ALEXANDER CRUMMELL, D.D., an eminent Negro Episcopal clergyman; a
graduate of Oxford University, England; professor in a Liberian College;
rector of St. Luke's in Washington and founder of the Negro Academy.

[Note 18: Address before the "Freedman's Aid Society," Methodist
Episcopal Church, Ocean Grove, N. J., August 15th, 1883.]

It is an age clamorous everywhere for the dignities, the grand
prerogatives, and the glory of woman. There is not a country in Europe
where she has not risen somewhat above the degradation of centuries, and
pleaded successfully for a new position and a higher vocation. As the
result of this new reformation we see her, in our day, seated in the
lecture-rooms of ancient universities, rivaling her brothers in the
fields of literature, the grand creators of ethereal art, the
participants in noble civil franchises, the moving spirit in grand
reformations, and the guide, agent, or assistant in all the noblest
movements for the civilization and regeneration of man.

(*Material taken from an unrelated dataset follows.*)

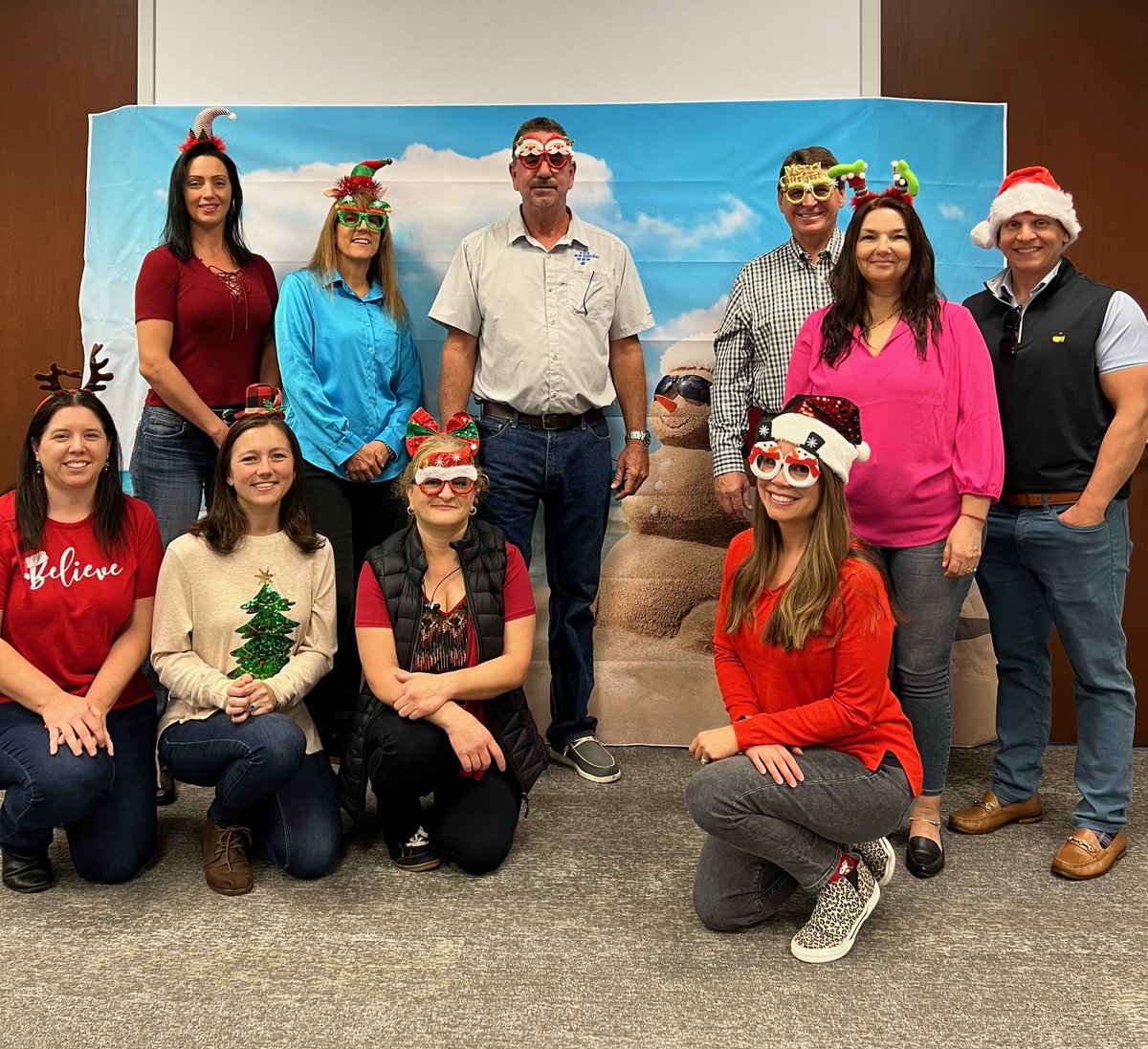 Azelis_AES's tweet photo. We've been in the holiday spirit here at Azelis A&amp;ES! Here are some group shots from our festivities - check out our stories for more!🤍

#HappyHolidays #HolidaySeason #AzelisAES #AzelisAmericas #AgricultureEnvironmentalSolutions #WeAreAzelis #US https://t.co/sf1BZLzACe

In these several lines of progress the American woman has run on in
advance of her sisters in every other quarter of the globe. The
advantage, she has received, the rights and prerogatives she has secured
for herself, are unequaled by any other class of women in the world. It
will not be thought amiss, then, that I come here to-day to present to
your consideration the one grand exception to this general superiority
of women, viz., The black woman of the South.

* * * * *

The rural or plantation population of the South was made up almost
entirely of people of pure Negro blood. And this brings out also the
other disastrous fact, namely, that this large black population has been
living from the time of their introduction into America, a period of
more than two hundred years, in a state of unlettered rudeness. The
Negro all this time has been an intellectual starveling. This has been
more especially the condition of the black woman of the South. Now and
then a black man has risen above the debased condition of his people.
Various causes would contribute to the advantage of the men: the
relation of servants to superior masters; attendance at courts with
them; their presence at political meetings; listening to table-talk
behind their chairs; traveling as valets; the privilege of books and
reading in great houses, and with indulgent masters--all these served to
lift up a black man here and there to something like superiority. But
no such fortune fell to the lot of the plantation woman. The black woman
of the South was left perpetually in a state of hereditary darkness and

* * * * *

In her girlhood all the delicate tenderness of her sex was rudely
outraged. In the field, in the rude cabin, in the press-room, in the
factory, she was thrown into the companionship of coarse and ignorant
men. No chance was given her for delicate reserve or tender modesty.
From her girlhood she was the doomed victim of the grossest passions.
All the virtues of her sex were utterly ignored. If the instinct of
chastity asserted itself, then she had to fight like a tigress for the
ownership and possession of her own person; and, ofttimes, had to suffer
pains and lacerations for her virtuous self-assertion. When she reached
maturity all the tender instincts of her womanhood were ruthlessly
violated. At the age of marriage--always prematurely anticipated under
slavery--she was mated, as the stock of the plantation were mated, not
to be the companion of a loved and chosen husband, but to be the breeder
of human cattle, for the field or the auction-block. With that mate she
went out, morning after morning to toil, as a common field-hand. As it
was his, so likewise was it her lot to wield the heavy hoe, or to
follow the plow, or to gather in the crops. She was a "hewer of wood and
a drawer of water." She was a common field-hand. She had to keep her
place in the gang from morn till eve, under the burden of a heavy task,
or under the stimulus or the fear of a cruel lash. She was a picker of
cotton. She labored at the sugar-mill and in the tobacco-factory. When,
through weariness or sickness, she has fallen behind her allotted task,
there came, as punishment, the fearful stripes upon her shrinking,
lacerated flesh.

Her home life was of the most degrading nature. She lived in the rudest
huts, and partook of the coarsest food, and dressed in the scantiest
garb, and slept, in multitudinous cabins, upon the hardest boards.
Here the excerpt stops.